Clinging to the hope that ‘Fading Gigolo’ is something spectacular may unfortunately be in vein. The charm that the film’s writer, director, and star John Turturro has shown in his career fails to translate in his latest project, namely his enthusiasm. A story about a newfound pimp/gigolo partnership between ex-bookshop keeper Murray (Woody Allen) and part-time florist Fioravante (John Turturro) holds strange storyline branches around Fioravante’s new ladyloves and the loosely explained actual love that buds between Fioravante and the Hasidic widow, Avigal (Vanessa Paradis). And while the meat has potential, the details are forgettable.

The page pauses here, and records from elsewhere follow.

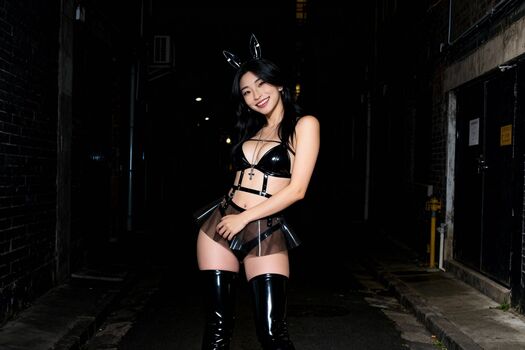 Full leaked Yifan li private photo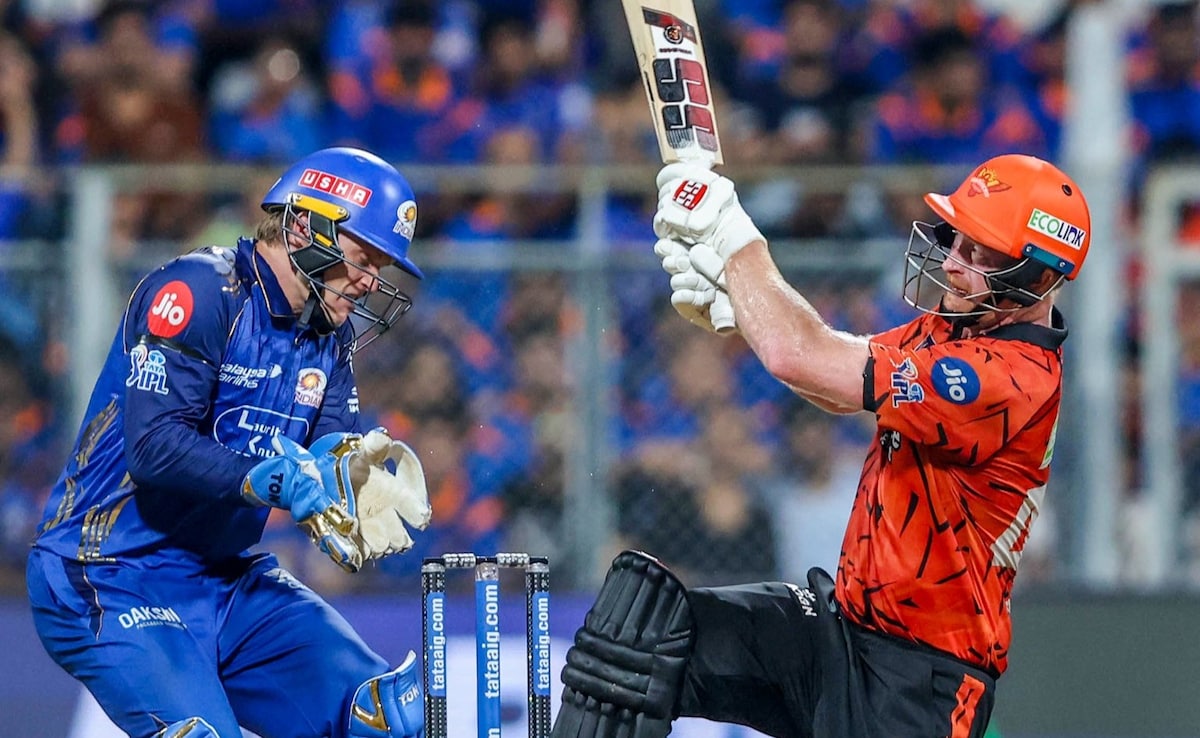 Updated IPL 2026 Points Table: SRH Gain One Spot With Win, Mumbai Indians Stay At Ninth Position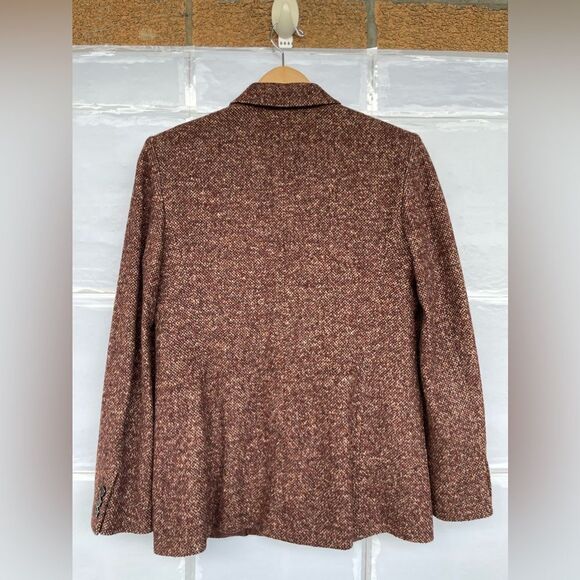 Maxmara virgin lane  blazer jacket size 8 - Picture 12 of 16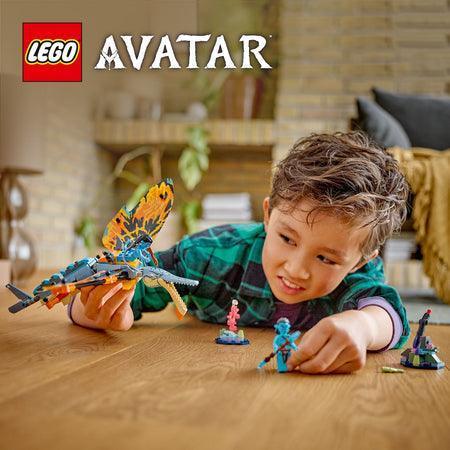 LEGO Skimwing Adventure 75576 Avatart LEGO AVATAR @ 2TTOYS | Official LEGO shop😊🥰 LEGO €. 34.99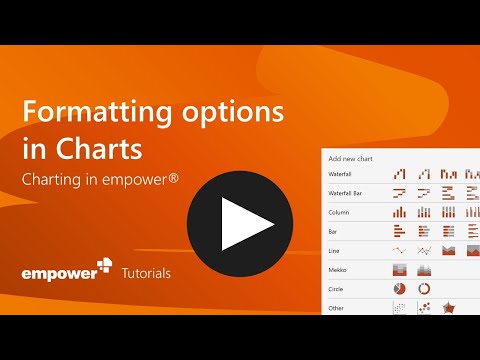 15   Formatting   Charting with empower®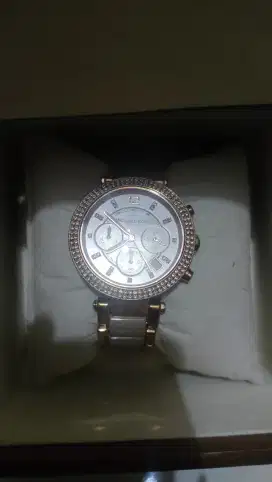 Jam Tangan Wanita MK Original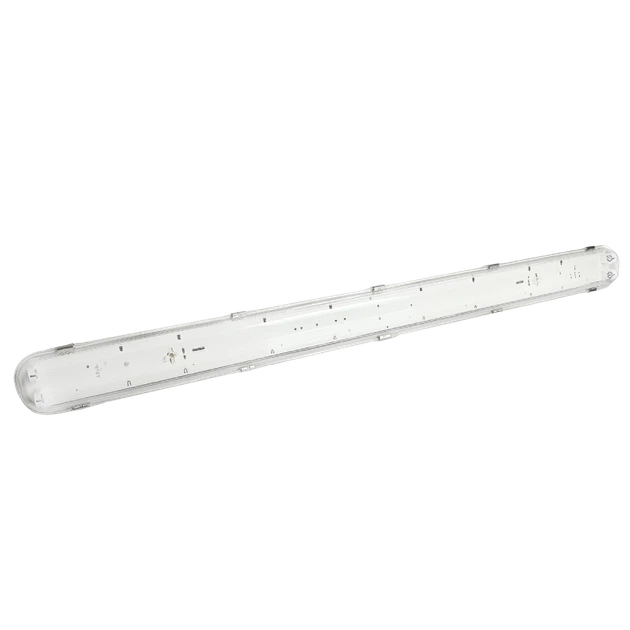 LED світильник VIDEX IP65 T8 для 2xТ8 220 В - Фото 2 LED світильник VIDEX IP65 T8 для 2xТ8 220 В - зображення 2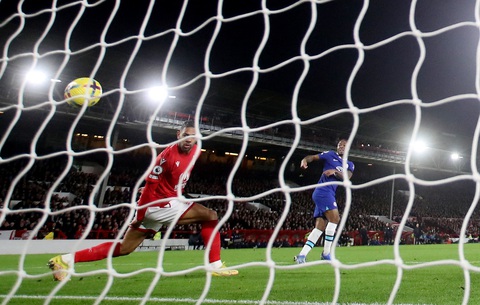 Chelsea nhận trái đắng đầu năm - Ảnh 2. Chelsea nhận trái đắng đầu năm - Ảnh 2.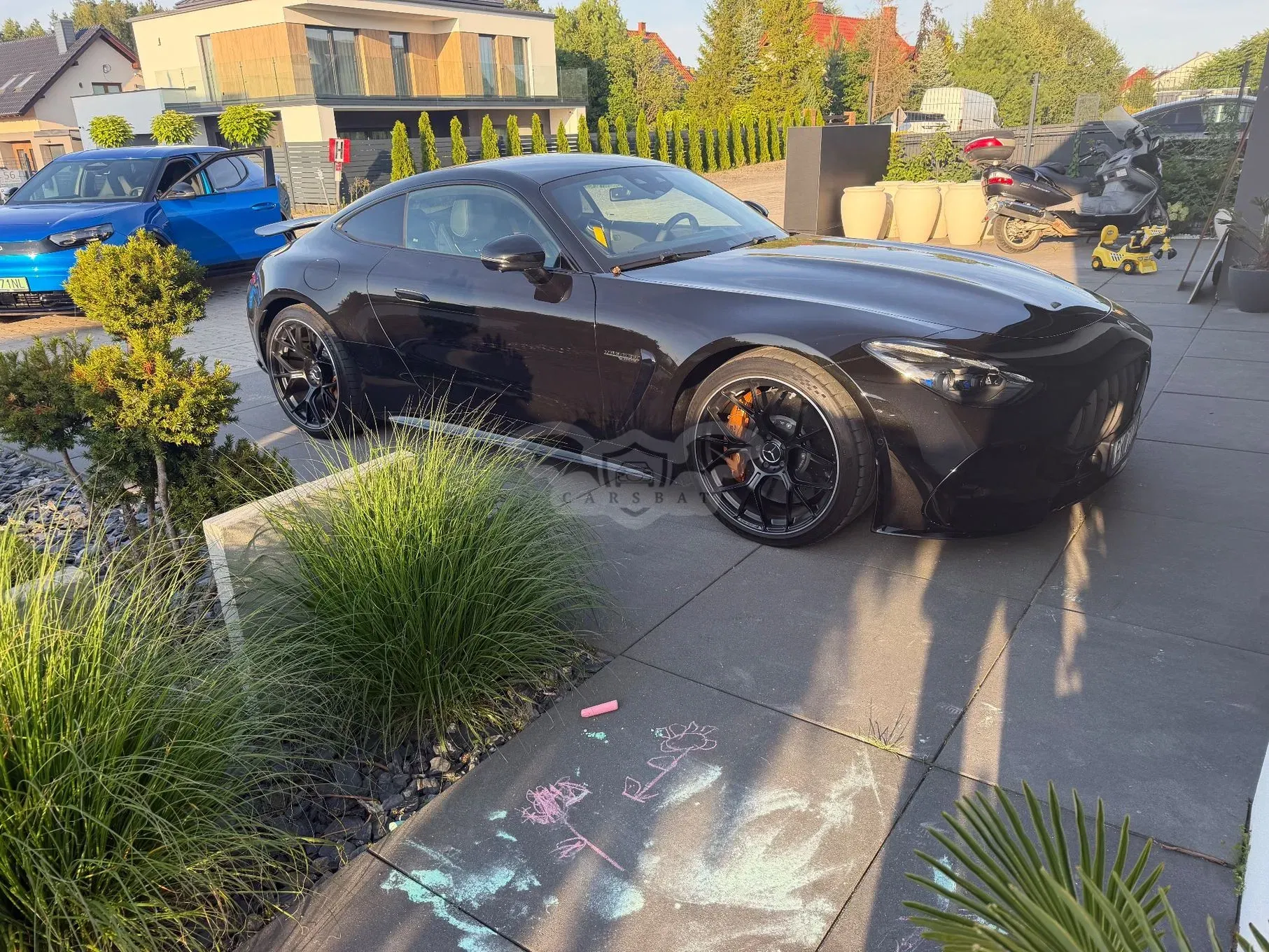 Mercedes-Benz AMG GT 63 4MATIC+ 2024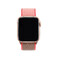 Ремешок Apple Sport Loop Neon Pink (MXMN2) для Apple Watch 40mm/38mm SE/6/5/4/3/2/1 - Фото 2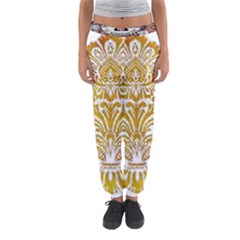 Im Fourth Dimension Colour 53 Women s Jogger Sweatpants by imanmulyana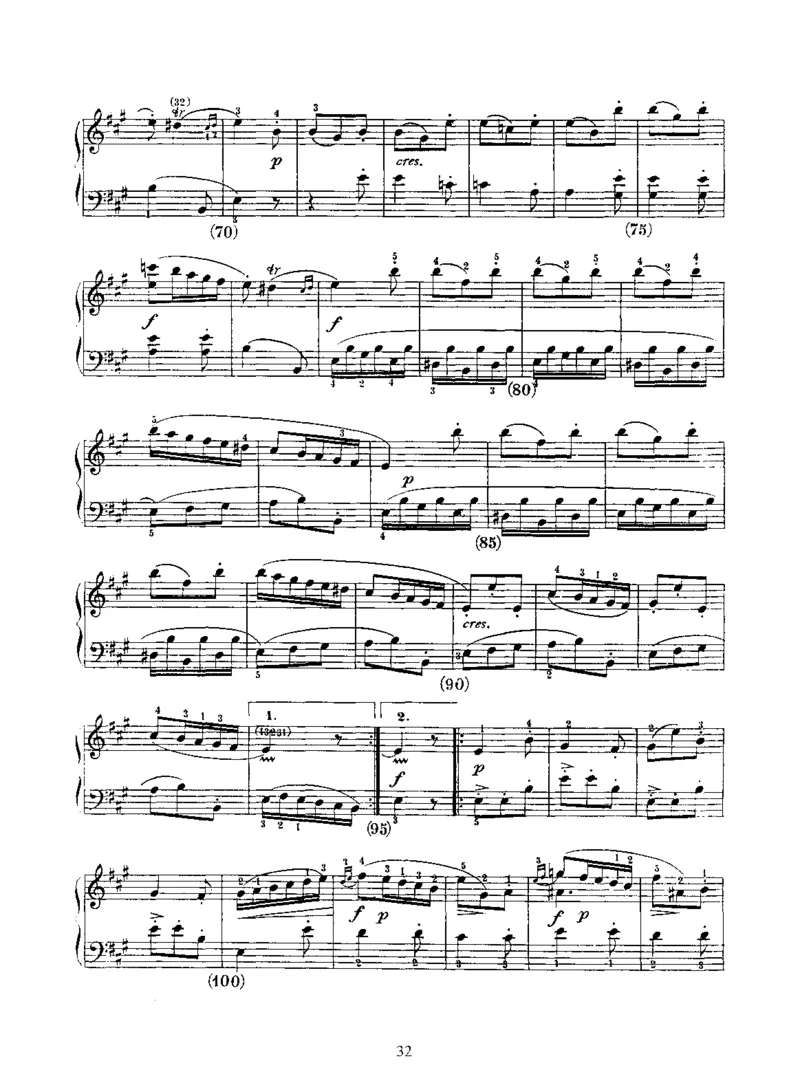 斯卡拉蒂钢琴奏鸣曲全集500首第421-435首ScarlattiSonatas钢琴谱_一万首著名钢琴曲谱哈农贝多芬合集视频教学电子版高清无水印可打印_1古典钢琴知名音乐家谱_斯卡拉蒂钢琴谱全集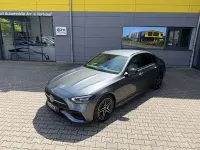 Gebraucht Mercedes 220 AMG line 200 PS (147 kW) 2023 Grau Limousine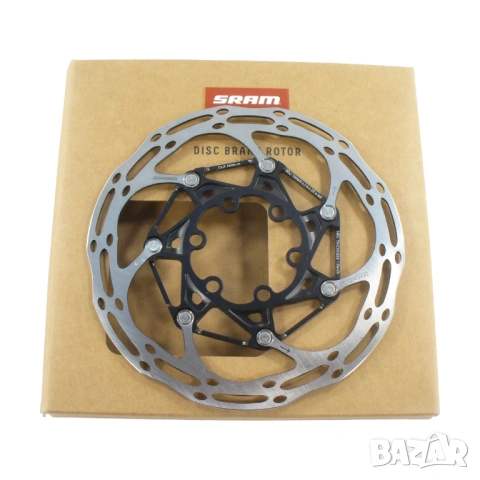 Sram CenterLine X 140mm 6-Bolt IS лек ротор диск за спирачки на шосеен Гравъл и МТБ планински байк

The identity of ‘Fading Gigolo’ is left hanging in the air. With an Allen-esque quality where his dialogue has its typical overflow and Turturro’s is more of a dry well, the romantic hopes and failings of gigolo life alongside the uninteresting exchanges make Allen’s influence feel too heavy. Fioravante as the central figure is missing some serious energy. As soon as Murray suggests, and too soon in the film, the idea of gigolo wealth purely because his dermatologist Dr. Parker (Sharon Stone) brought it up to him in conversation about ménage à trois, the ball is suddenly rolling. With only a scene’s worth of resistance, Fioravante says yes to Dr. Parker, through Murray of course so he may get his cut, and he is suddenly at home in her luxury apartment and things start too easy and successfully to be convincing.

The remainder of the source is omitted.